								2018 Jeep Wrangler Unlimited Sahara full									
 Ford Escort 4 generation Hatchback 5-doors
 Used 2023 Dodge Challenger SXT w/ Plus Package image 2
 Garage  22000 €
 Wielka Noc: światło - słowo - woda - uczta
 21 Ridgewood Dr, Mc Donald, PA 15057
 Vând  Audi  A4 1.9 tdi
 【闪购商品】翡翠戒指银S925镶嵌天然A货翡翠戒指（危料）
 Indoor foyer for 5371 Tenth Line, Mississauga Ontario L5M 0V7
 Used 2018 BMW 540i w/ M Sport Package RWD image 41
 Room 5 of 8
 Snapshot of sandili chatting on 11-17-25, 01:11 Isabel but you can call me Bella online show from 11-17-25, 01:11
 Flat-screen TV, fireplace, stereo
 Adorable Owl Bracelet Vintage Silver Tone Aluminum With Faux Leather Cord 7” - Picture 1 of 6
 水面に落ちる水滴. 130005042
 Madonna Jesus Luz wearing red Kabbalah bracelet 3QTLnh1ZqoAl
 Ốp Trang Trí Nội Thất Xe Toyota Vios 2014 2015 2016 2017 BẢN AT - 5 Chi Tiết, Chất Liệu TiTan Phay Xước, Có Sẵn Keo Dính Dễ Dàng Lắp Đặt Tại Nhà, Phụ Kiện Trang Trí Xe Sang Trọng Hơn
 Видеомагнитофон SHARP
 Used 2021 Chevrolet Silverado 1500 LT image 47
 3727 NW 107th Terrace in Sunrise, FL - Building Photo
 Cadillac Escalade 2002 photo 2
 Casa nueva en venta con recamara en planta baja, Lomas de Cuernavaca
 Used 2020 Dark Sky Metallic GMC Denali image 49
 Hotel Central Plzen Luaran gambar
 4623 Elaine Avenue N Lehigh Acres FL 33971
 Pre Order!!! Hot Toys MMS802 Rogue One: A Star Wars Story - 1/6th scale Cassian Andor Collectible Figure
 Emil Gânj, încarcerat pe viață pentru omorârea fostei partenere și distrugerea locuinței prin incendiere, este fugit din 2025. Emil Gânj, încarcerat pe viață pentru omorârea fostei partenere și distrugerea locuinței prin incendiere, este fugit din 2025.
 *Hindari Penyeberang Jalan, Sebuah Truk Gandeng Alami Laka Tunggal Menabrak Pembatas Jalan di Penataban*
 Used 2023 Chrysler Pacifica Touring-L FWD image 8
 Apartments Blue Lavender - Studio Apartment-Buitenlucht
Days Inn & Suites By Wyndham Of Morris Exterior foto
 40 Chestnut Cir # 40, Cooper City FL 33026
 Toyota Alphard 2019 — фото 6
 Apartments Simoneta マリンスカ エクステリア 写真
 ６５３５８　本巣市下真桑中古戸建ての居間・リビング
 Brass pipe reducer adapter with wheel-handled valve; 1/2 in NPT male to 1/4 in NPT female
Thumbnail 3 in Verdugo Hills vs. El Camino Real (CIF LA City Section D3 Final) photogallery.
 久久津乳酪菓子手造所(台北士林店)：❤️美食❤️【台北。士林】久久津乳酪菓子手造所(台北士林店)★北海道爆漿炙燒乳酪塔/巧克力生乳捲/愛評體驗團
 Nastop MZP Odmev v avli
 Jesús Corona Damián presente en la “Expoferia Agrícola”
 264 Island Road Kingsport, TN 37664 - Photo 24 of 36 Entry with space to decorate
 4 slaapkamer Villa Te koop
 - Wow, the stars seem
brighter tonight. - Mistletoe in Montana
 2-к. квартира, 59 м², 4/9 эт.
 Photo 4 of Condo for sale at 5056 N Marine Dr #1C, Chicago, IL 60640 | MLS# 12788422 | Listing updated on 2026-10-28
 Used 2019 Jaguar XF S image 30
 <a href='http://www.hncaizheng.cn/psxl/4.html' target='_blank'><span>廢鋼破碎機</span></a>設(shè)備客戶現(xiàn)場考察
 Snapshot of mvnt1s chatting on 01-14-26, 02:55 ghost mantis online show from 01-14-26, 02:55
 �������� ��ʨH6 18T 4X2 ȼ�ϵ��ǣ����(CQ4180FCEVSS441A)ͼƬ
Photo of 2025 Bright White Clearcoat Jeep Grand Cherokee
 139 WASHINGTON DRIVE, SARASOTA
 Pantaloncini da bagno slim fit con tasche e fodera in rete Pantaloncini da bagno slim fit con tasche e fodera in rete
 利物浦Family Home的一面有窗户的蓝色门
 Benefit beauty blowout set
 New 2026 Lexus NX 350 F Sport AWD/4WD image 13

▶ [What needs to be done]
Reproduce exactly the stretch of the material above that starts at the line with "Cadillac Escalade 2002 photo 2" and ends at the line with "4623 Elaine Avenue N Lehigh Acres FL 33971", both included, and nothing else.

▶ [Solution to this task]
 Cadillac Escalade 2002 photo 2
 Casa nueva en venta con recamara en planta baja, Lomas de Cuernavaca
 Used 2020 Dark Sky Metallic GMC Denali image 49
 Hotel Central Plzen Luaran gambar
 4623 Elaine Avenue N Lehigh Acres FL 33971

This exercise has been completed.